3. Sorts
Step Three of Learn to Count in Twelve Easy Steps
Reminder Step 2:
We have introduced the collection of additions we shall use. We have generated the aspects {a,b,c,k,u,t,q,s,w} of the 136 smallest pairs of a,b.
Step 3:
Today we introduce the concepts of order, sorting sequence, alpha, beta, gamma and delta.
Reason why:
We demonstrate that sorting of the data set creates a place for each addition. We show that using different sorting aspects may bring forth different sorting sequences, thus different places for the individual additions.
Action:
We begin by sorting the data set on arguments a and b. First, we generate the sorting order wherein a is the first, and b is the second sorting argument. This order we call SQab. Please see column called SQab in Table 3.num. here
Then, we generate the sorting order wherein b is the first, and a is the second sorting argument. This order we call SQba. Please see column called SQba in Table 3.num. here.
Discussion:
Method of definition:
We call that procedure a ‘sort,’ which results in the sequential numbers 1…136 being assigned to the additions in columns a…w, as visible there.

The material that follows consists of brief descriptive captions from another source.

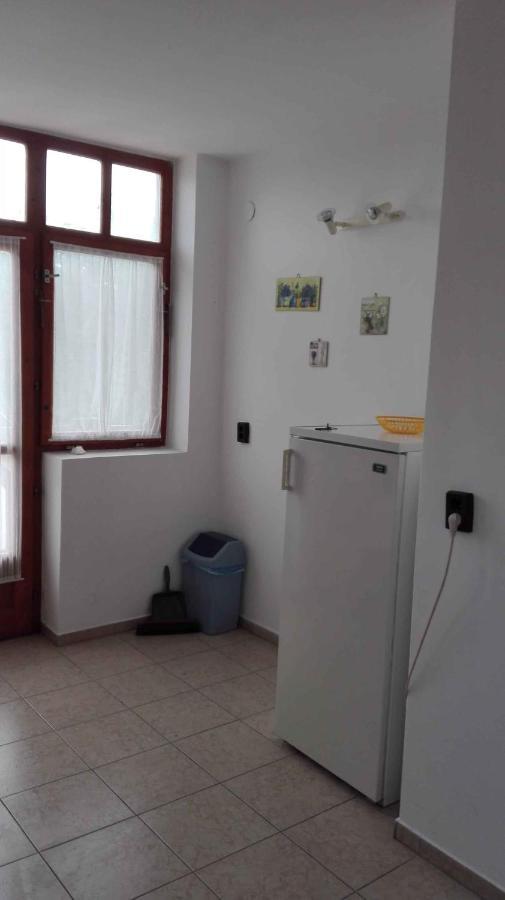 Apartment Balatonlelle 6 Luaran gambar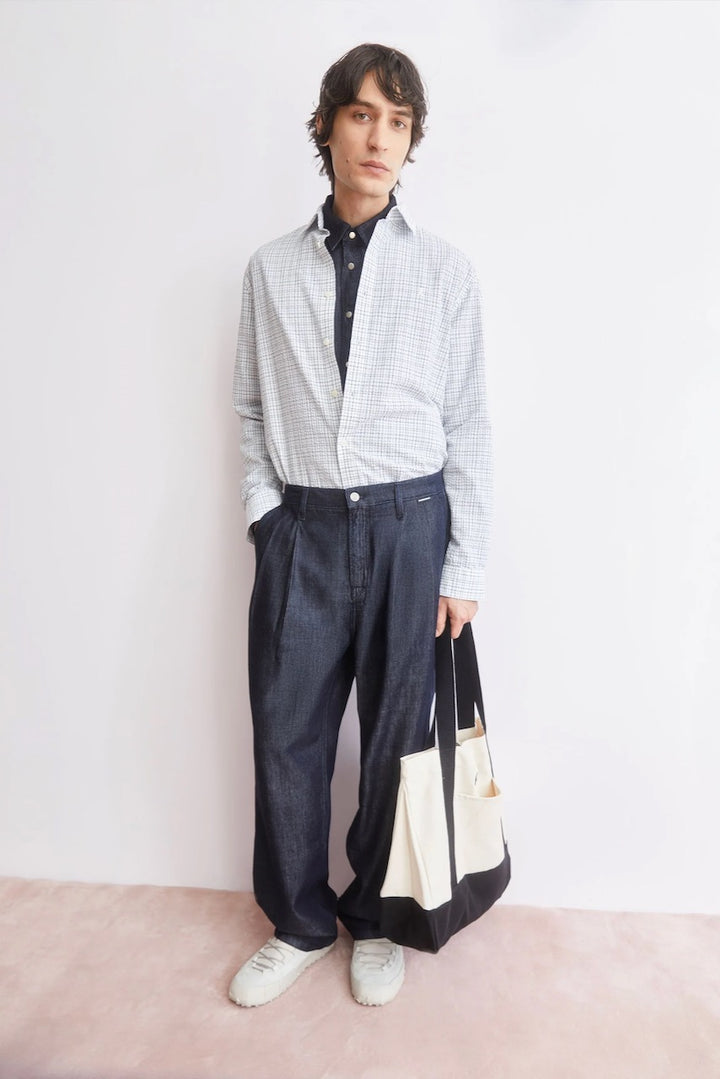 TAILORED Denim Pant rinse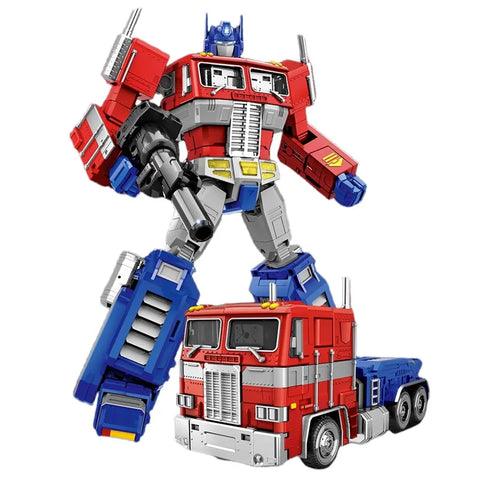 Transformation Robot  Model Toys
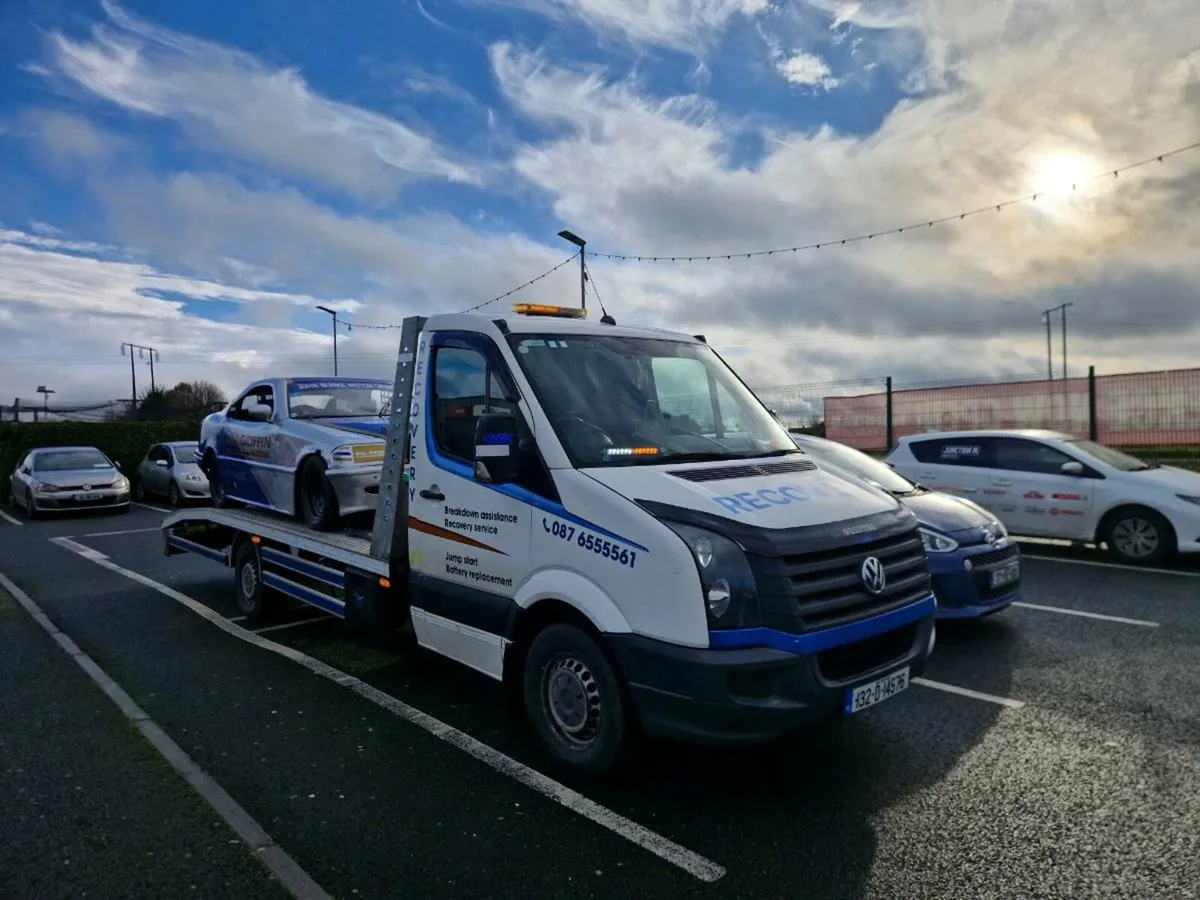 Recovery service 0876555561 - Image 1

Further research can make the Twelve Easy Steps into Twelve Complicated Steps by using a non-deictic definition of the term ‘sort.’ Presently, we use the deictic method of definition.
Concepts:
The concept underlying the sort is that of an order. We see that the order as expressed by SQab is different to the order as expressed by SQba. The abstract idea, the concept of ‘order’ in both cases is identical.
We see that the set can be in two different, conflicting states of order. In dependence of the order, the place of an individual addition may be different. (Example: ordering a class of children once alphabetically on their names, once by their height, chances are that an individual child will come to a different place in the new sequence.)
We use the terms αβ and γδ to designate any one (in case of using αβ) or any two (in case of using αβ and γδ) of the sorting sequences, that is, any of the realisations of the order concept. α ≠ β, γ≠ δ.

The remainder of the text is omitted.